───── Supplied records

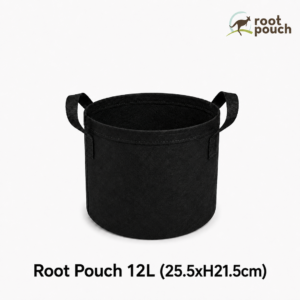 Root Pouch 12L Plantenpot (25.5xH21.5cm)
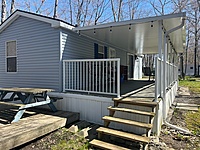 OPEN HOUSE-May 17- 11am to 3pm- Site #222- 2009 Northlander Escape OPEN HOUSE-May 17- 11am to 3pm- Site #222- 2009 Northlander Escape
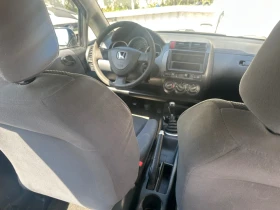Обява за продажба на Honda Jazz 1.2i ~2 000 лв. - изображение 7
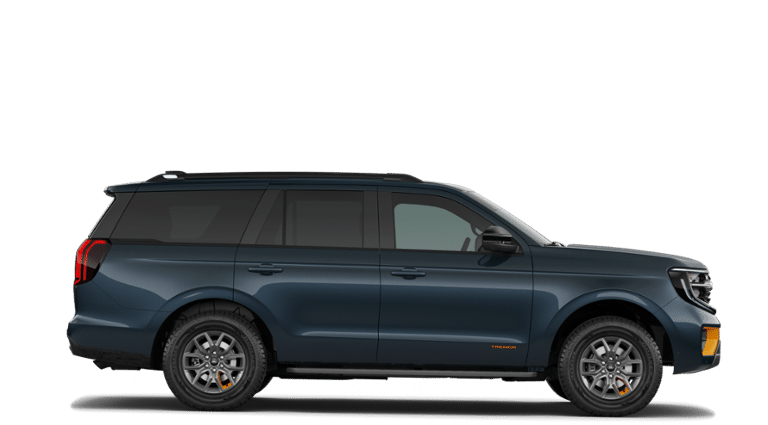 Thumbnail: 2026 Ford Expedition - 51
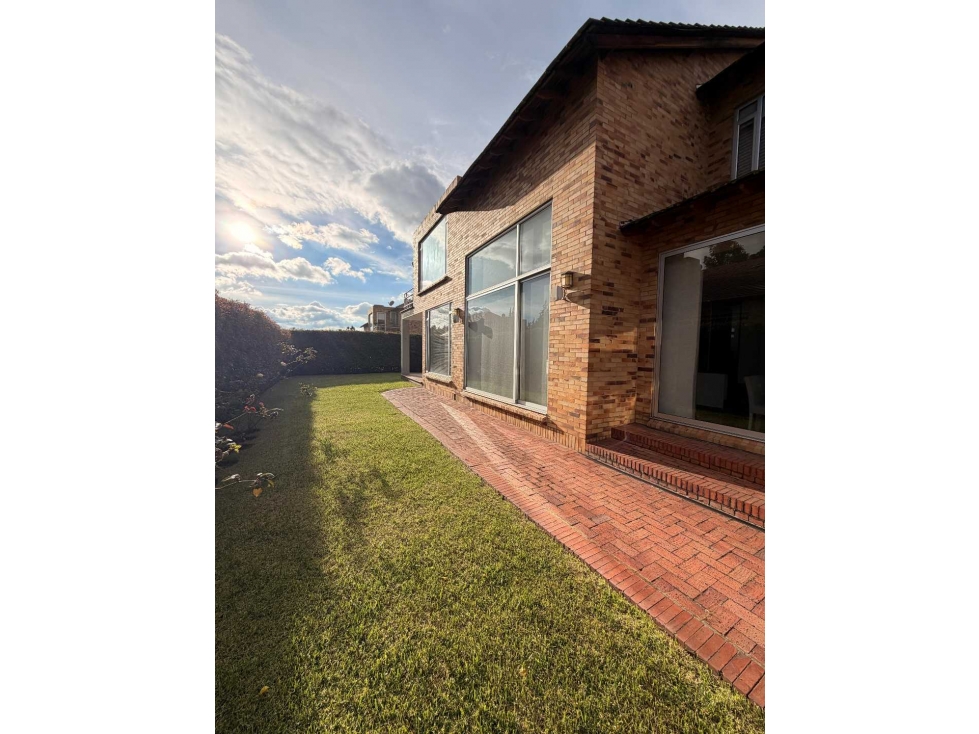 Casa en venta en Rio Grande, Cajicá · foto 15 de 24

──────────

Task to complete:
The expected output is every line of the data, unchanged, with the pictures skipped.

Exercise solution:
 Root Pouch 12L Plantenpot (25.5xH21.5cm)
 OPEN HOUSE-May 17- 11am to 3pm- Site #222- 2009 Northlander Escape OPEN HOUSE-May 17- 11am to 3pm- Site #222- 2009 Northlander Escape
Обява за продажба на Honda Jazz 1.2i ~2 000 лв. - изображение 7
 Thumbnail: 2026 Ford Expedition - 51
 Casa en venta en Rio Grande, Cajicá · foto 15 de 24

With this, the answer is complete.